Z tego zdjęcia z jpeg-a nic prawie by się nie wydobyło... z resztą to akurat
było o ile pamiętam robione na pełnej automatyce...
> tak - o wartosciach artystycznych nie podejmuje sie dyskusji.
> moze ktos za 100 lat dopatrzy sie tutaj wartosci artystycznych z czego
> dzisiaj nie zdajemy sobie sprawy ( jak to sie stalo np z van
> Goghiem) ;-)
raczej za lat 20 kto wtedy z kim tankował.... tak już patrzę na zdjęcia
stamtąd sprzed 15 lat... ;-)
> ale zdjecia powinny byc prawidlowe technicznie , a sa nieprawidlowe.

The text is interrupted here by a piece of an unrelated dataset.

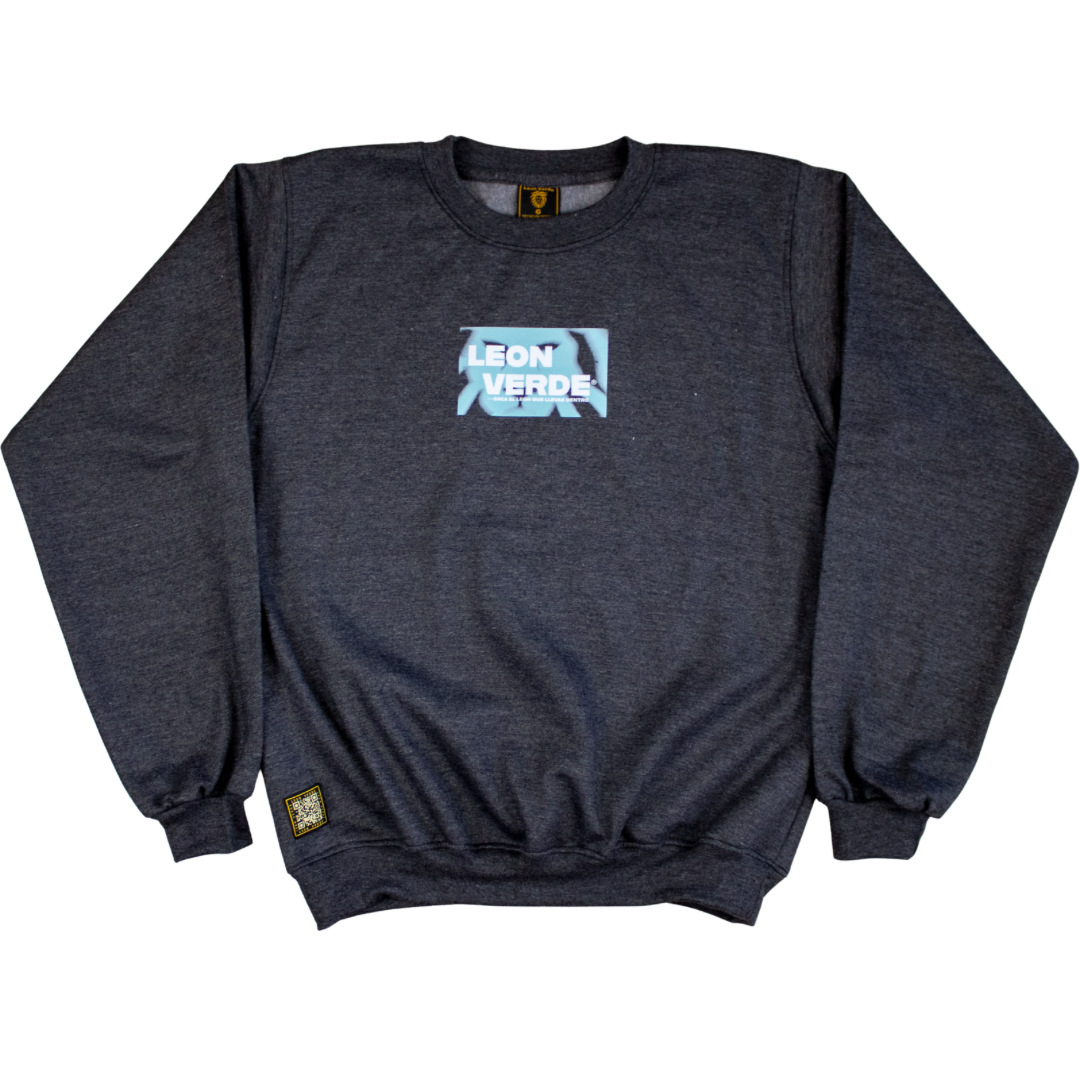 Suéter ¨GHOST¨ AZUL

> Sa znacznie ponizej tego poziomu jakie oferuja wspolczesne hybrydy.
>
> ale nic , rob dalej - to jedyna droga , i wyciagaj wnioski.
> 1 -szy na dzisiaj - przyjrzyj sie ostrosci - musi byc lepiej.

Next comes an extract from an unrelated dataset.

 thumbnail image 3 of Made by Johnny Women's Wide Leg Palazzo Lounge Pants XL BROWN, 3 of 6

> sugerowalbym nastwe AF z przekadrowaniem .
ten AF to muszę naprawdę gruntownie pomacać....
--
pzdr
meping
-
32. Data: 2009-08-23 10:22:16
Temat: Re: Parę fotek z Bieszczadów...
Od: XX YY <f...@g...com>
> jesteś blisko, ale nie z tej strony... Zdjęcie jak je zobaczyłem na kompie
> kwalifikowało się do kosza bo.... "O ja głupia cipa zapomniałem", czy
> raczej nie pomyślałem o dopaleniu lampą.... w rezultacie chłopcy byli tylko
> ciemnymi plamami... Bardzo dużo pracy kosztowało mnie doprowadzenie do
> takiego stanu, aby było ich jako - tako widać i jednocześnie aby prawie
> wszystko nie utonęło w szumach.... Balans bieli może i można poprawić,
> zdjąć jeszcze niebieski i zielony, chociaż ja lubię wysycone zdjęcia...
kiedy juz wyslalem posta zobaczylem jeszcze raz to zdjecie przez lube
w picasie- szumy sa rzeczywiste zajebiste - to wskazuje na kolosalne
niedoswietlenie i potem wyciaganie. ale nie chcialem juz korygowac.

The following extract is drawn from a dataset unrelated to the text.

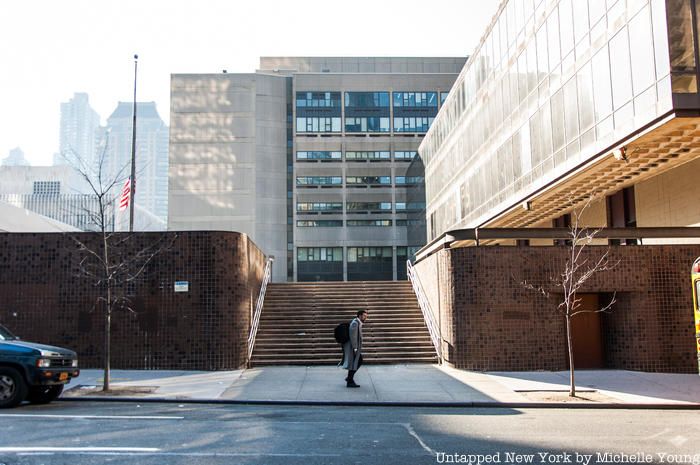 Martin Luther King Jr. High School in NYC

tak czy owak powodem slabego zdjecia jest tutaj duzy blad
naswietlenia.
> > ale nic , rob dalej - to jedyna droga , i wyciagaj wnioski.
> > 1 -szy na dzisiaj - przyjrzyj sie ostrosci - musi byc lepiej.
> > sugerowalbym nastwe AF z przekadrowaniem .
>
> ten AF to muszę naprawdę gruntownie pomacać....
>
sugeruje zrob test "okna"
wystaw aparat przez okno mieszkania , najlepiej skieruj na cos co ma
napisy jak np numery smochodow , albo oznakowanie szlakow jesli
mieszkasz w puszczy i zrob zwykle , banalne zdjecia z reki , przy
nastwach auto. ale w dzien , zeby bylo dostatecznie duzo swiatla - bez
udziwniania , wyszukiwania zdjecia najlepszgo z wielu. Zwykly prosty
strzal.
i pokarz to zdjecie - mozna bedzie od razu ocenic czy aparat pracuje
prawidlowo - a jesli tak to reszta lezy w Twoich rekach.
-
33. Data: 2009-08-23 14:09:13
Temat: Re: Parę fotek z Bieszczadów...
Od: Krzysztof Chajęcki <k...@g...com>
XX YY wrote:
> sugeruje zrob test "okna"
>
> wystaw aparat przez okno mieszkania , najlepiej skieruj na cos co ma
> napisy jak np numery smochodow , albo oznakowanie szlakow jesli
> mieszkasz w puszczy i zrob zwykle , banalne zdjecia z reki , przy
> nastwach auto. ale w dzien , zeby bylo dostatecznie duzo swiatla - bez
> udziwniania , wyszukiwania zdjecia najlepszgo z wielu. Zwykly prosty
> strzal.
>
> i pokarz to zdjecie - mozna bedzie od razu ocenic czy aparat pracuje
> prawidlowo - a jesli tak to reszta lezy w Twoich rekach.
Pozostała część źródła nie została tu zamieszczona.